Data items
· · · ·
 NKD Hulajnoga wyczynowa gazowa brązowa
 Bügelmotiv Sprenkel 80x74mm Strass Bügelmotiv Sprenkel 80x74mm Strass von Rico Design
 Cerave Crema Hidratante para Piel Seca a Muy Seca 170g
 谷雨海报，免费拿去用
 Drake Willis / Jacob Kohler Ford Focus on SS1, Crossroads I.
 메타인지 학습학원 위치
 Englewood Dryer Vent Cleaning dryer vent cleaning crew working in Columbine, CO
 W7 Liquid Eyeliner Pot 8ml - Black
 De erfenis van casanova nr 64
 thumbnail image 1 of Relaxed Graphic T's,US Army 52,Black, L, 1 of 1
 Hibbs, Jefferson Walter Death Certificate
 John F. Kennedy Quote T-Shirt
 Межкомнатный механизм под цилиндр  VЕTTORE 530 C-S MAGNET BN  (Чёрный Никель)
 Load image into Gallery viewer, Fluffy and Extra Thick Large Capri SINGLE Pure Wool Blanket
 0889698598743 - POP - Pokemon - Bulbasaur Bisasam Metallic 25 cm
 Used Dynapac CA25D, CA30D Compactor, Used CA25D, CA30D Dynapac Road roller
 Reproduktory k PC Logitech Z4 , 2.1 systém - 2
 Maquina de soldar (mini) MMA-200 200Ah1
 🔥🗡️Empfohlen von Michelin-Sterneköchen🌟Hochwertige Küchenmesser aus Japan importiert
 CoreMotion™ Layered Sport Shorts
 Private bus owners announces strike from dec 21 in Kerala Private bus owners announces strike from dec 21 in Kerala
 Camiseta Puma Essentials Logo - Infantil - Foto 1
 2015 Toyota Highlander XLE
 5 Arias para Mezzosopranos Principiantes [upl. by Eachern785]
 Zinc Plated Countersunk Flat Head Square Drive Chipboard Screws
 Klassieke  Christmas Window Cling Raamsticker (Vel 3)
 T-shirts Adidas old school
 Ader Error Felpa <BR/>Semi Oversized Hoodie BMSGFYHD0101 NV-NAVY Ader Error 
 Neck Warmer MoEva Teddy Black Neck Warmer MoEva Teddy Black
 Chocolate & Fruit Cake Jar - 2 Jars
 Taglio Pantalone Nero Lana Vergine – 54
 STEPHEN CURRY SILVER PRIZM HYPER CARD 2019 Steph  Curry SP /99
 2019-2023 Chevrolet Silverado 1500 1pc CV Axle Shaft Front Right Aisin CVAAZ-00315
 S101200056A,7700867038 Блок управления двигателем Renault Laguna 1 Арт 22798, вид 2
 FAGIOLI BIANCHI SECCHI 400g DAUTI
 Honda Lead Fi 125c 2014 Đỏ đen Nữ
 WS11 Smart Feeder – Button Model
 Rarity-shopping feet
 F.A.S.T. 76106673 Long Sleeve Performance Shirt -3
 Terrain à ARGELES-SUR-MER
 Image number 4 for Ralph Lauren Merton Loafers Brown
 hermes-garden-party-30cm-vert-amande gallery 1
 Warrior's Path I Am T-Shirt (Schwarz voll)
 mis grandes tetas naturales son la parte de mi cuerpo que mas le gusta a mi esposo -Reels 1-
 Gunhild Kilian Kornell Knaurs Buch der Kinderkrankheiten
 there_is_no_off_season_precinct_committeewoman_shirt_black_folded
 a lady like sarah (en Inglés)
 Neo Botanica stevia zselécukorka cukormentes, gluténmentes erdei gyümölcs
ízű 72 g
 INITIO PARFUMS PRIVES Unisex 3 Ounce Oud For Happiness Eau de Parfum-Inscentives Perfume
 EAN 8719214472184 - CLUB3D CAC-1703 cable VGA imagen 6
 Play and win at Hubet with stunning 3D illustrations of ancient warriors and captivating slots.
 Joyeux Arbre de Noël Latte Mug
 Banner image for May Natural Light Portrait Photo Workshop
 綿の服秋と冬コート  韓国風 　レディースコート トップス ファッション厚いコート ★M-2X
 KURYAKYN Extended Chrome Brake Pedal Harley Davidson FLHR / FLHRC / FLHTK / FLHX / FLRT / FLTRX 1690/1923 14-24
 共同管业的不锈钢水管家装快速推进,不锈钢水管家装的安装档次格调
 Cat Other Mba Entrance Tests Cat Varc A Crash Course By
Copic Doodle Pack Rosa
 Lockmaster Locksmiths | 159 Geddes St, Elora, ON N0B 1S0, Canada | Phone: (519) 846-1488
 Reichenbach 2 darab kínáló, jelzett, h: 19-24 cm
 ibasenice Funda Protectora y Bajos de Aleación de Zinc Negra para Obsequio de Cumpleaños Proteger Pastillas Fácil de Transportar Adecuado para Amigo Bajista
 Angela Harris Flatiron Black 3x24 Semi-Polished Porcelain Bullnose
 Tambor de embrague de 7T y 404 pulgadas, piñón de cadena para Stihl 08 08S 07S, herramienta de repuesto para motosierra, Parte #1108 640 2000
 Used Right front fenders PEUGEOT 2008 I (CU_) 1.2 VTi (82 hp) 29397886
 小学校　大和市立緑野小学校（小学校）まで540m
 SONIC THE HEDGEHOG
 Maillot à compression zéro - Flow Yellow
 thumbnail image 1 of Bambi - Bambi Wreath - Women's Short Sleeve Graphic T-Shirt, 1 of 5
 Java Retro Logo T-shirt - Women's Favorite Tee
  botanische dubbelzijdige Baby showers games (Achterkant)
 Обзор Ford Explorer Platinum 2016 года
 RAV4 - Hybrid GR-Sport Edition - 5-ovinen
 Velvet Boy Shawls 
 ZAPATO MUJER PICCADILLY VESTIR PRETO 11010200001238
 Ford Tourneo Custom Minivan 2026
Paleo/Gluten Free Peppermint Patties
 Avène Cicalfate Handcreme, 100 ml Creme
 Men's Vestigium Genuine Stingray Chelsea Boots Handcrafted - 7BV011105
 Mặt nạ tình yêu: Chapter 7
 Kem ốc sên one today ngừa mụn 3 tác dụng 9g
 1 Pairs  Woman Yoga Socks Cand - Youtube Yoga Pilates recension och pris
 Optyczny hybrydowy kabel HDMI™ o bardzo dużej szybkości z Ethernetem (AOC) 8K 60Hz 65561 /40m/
· · · ·
Retype the entries in full. Keep every line identical.

| Exercise result |
 NKD Hulajnoga wyczynowa gazowa brązowa
 Bügelmotiv Sprenkel 80x74mm Strass Bügelmotiv Sprenkel 80x74mm Strass von Rico Design
 Cerave Crema Hidratante para Piel Seca a Muy Seca 170g
 谷雨海报，免费拿去用
 Drake Willis / Jacob Kohler Ford Focus on SS1, Crossroads I.
 메타인지 학습학원 위치
 Englewood Dryer Vent Cleaning dryer vent cleaning crew working in Columbine, CO
 W7 Liquid Eyeliner Pot 8ml - Black
 De erfenis van casanova nr 64
 thumbnail image 1 of Relaxed Graphic T's,US Army 52,Black, L, 1 of 1
 Hibbs, Jefferson Walter Death Certificate
 John F. Kennedy Quote T-Shirt
 Межкомнатный механизм под цилиндр  VЕTTORE 530 C-S MAGNET BN  (Чёрный Никель)
 Load image into Gallery viewer, Fluffy and Extra Thick Large Capri SINGLE Pure Wool Blanket
 0889698598743 - POP - Pokemon - Bulbasaur Bisasam Metallic 25 cm
 Used Dynapac CA25D, CA30D Compactor, Used CA25D, CA30D Dynapac Road roller
 Reproduktory k PC Logitech Z4 , 2.1 systém - 2
 Maquina de soldar (mini) MMA-200 200Ah1
 🔥🗡️Empfohlen von Michelin-Sterneköchen🌟Hochwertige Küchenmesser aus Japan importiert
 CoreMotion™ Layered Sport Shorts
 Private bus owners announces strike from dec 21 in Kerala Private bus owners announces strike from dec 21 in Kerala
 Camiseta Puma Essentials Logo - Infantil - Foto 1
 2015 Toyota Highlander XLE
 5 Arias para Mezzosopranos Principiantes [upl. by Eachern785]
 Zinc Plated Countersunk Flat Head Square Drive Chipboard Screws
 Klassieke  Christmas Window Cling Raamsticker (Vel 3)
 T-shirts Adidas old school
 Ader Error Felpa <BR/>Semi Oversized Hoodie BMSGFYHD0101 NV-NAVY Ader Error 
 Neck Warmer MoEva Teddy Black Neck Warmer MoEva Teddy Black
 Chocolate & Fruit Cake Jar - 2 Jars
 Taglio Pantalone Nero Lana Vergine – 54
 STEPHEN CURRY SILVER PRIZM HYPER CARD 2019 Steph  Curry SP /99
 2019-2023 Chevrolet Silverado 1500 1pc CV Axle Shaft Front Right Aisin CVAAZ-00315
 S101200056A,7700867038 Блок управления двигателем Renault Laguna 1 Арт 22798, вид 2
 FAGIOLI BIANCHI SECCHI 400g DAUTI
 Honda Lead Fi 125c 2014 Đỏ đen Nữ
 WS11 Smart Feeder – Button Model
 Rarity-shopping feet
 F.A.S.T. 76106673 Long Sleeve Performance Shirt -3
 Terrain à ARGELES-SUR-MER
 Image number 4 for Ralph Lauren Merton Loafers Brown
 hermes-garden-party-30cm-vert-amande gallery 1
 Warrior's Path I Am T-Shirt (Schwarz voll)
 mis grandes tetas naturales son la parte de mi cuerpo que mas le gusta a mi esposo -Reels 1-
 Gunhild Kilian Kornell Knaurs Buch der Kinderkrankheiten
 there_is_no_off_season_precinct_committeewoman_shirt_black_folded
 a lady like sarah (en Inglés)
 Neo Botanica stevia zselécukorka cukormentes, gluténmentes erdei gyümölcs
ízű 72 g
 INITIO PARFUMS PRIVES Unisex 3 Ounce Oud For Happiness Eau de Parfum-Inscentives Perfume
 EAN 8719214472184 - CLUB3D CAC-1703 cable VGA imagen 6
 Play and win at Hubet with stunning 3D illustrations of ancient warriors and captivating slots.
 Joyeux Arbre de Noël Latte Mug
 Banner image for May Natural Light Portrait Photo Workshop
 綿の服秋と冬コート  韓国風 　レディースコート トップス ファッション厚いコート ★M-2X
 KURYAKYN Extended Chrome Brake Pedal Harley Davidson FLHR / FLHRC / FLHTK / FLHX / FLRT / FLTRX 1690/1923 14-24
 共同管业的不锈钢水管家装快速推进,不锈钢水管家装的安装档次格调
 Cat Other Mba Entrance Tests Cat Varc A Crash Course By
Copic Doodle Pack Rosa
 Lockmaster Locksmiths | 159 Geddes St, Elora, ON N0B 1S0, Canada | Phone: (519) 846-1488
 Reichenbach 2 darab kínáló, jelzett, h: 19-24 cm
 ibasenice Funda Protectora y Bajos de Aleación de Zinc Negra para Obsequio de Cumpleaños Proteger Pastillas Fácil de Transportar Adecuado para Amigo Bajista
 Angela Harris Flatiron Black 3x24 Semi-Polished Porcelain Bullnose
 Tambor de embrague de 7T y 404 pulgadas, piñón de cadena para Stihl 08 08S 07S, herramienta de repuesto para motosierra, Parte #1108 640 2000
 Used Right front fenders PEUGEOT 2008 I (CU_) 1.2 VTi (82 hp) 29397886
 小学校　大和市立緑野小学校（小学校）まで540m
 SONIC THE HEDGEHOG
 Maillot à compression zéro - Flow Yellow
 thumbnail image 1 of Bambi - Bambi Wreath - Women's Short Sleeve Graphic T-Shirt, 1 of 5
 Java Retro Logo T-shirt - Women's Favorite Tee
  botanische dubbelzijdige Baby showers games (Achterkant)
 Обзор Ford Explorer Platinum 2016 года
 RAV4 - Hybrid GR-Sport Edition - 5-ovinen
 Velvet Boy Shawls 
 ZAPATO MUJER PICCADILLY VESTIR PRETO 11010200001238
 Ford Tourneo Custom Minivan 2026
Paleo/Gluten Free Peppermint Patties
 Avène Cicalfate Handcreme, 100 ml Creme
 Men's Vestigium Genuine Stingray Chelsea Boots Handcrafted - 7BV011105
 Mặt nạ tình yêu: Chapter 7
 Kem ốc sên one today ngừa mụn 3 tác dụng 9g
 1 Pairs  Woman Yoga Socks Cand - Youtube Yoga Pilates recension och pris
 Optyczny hybrydowy kabel HDMI™ o bardzo dużej szybkości z Ethernetem (AOC) 8K 60Hz 65561 /40m/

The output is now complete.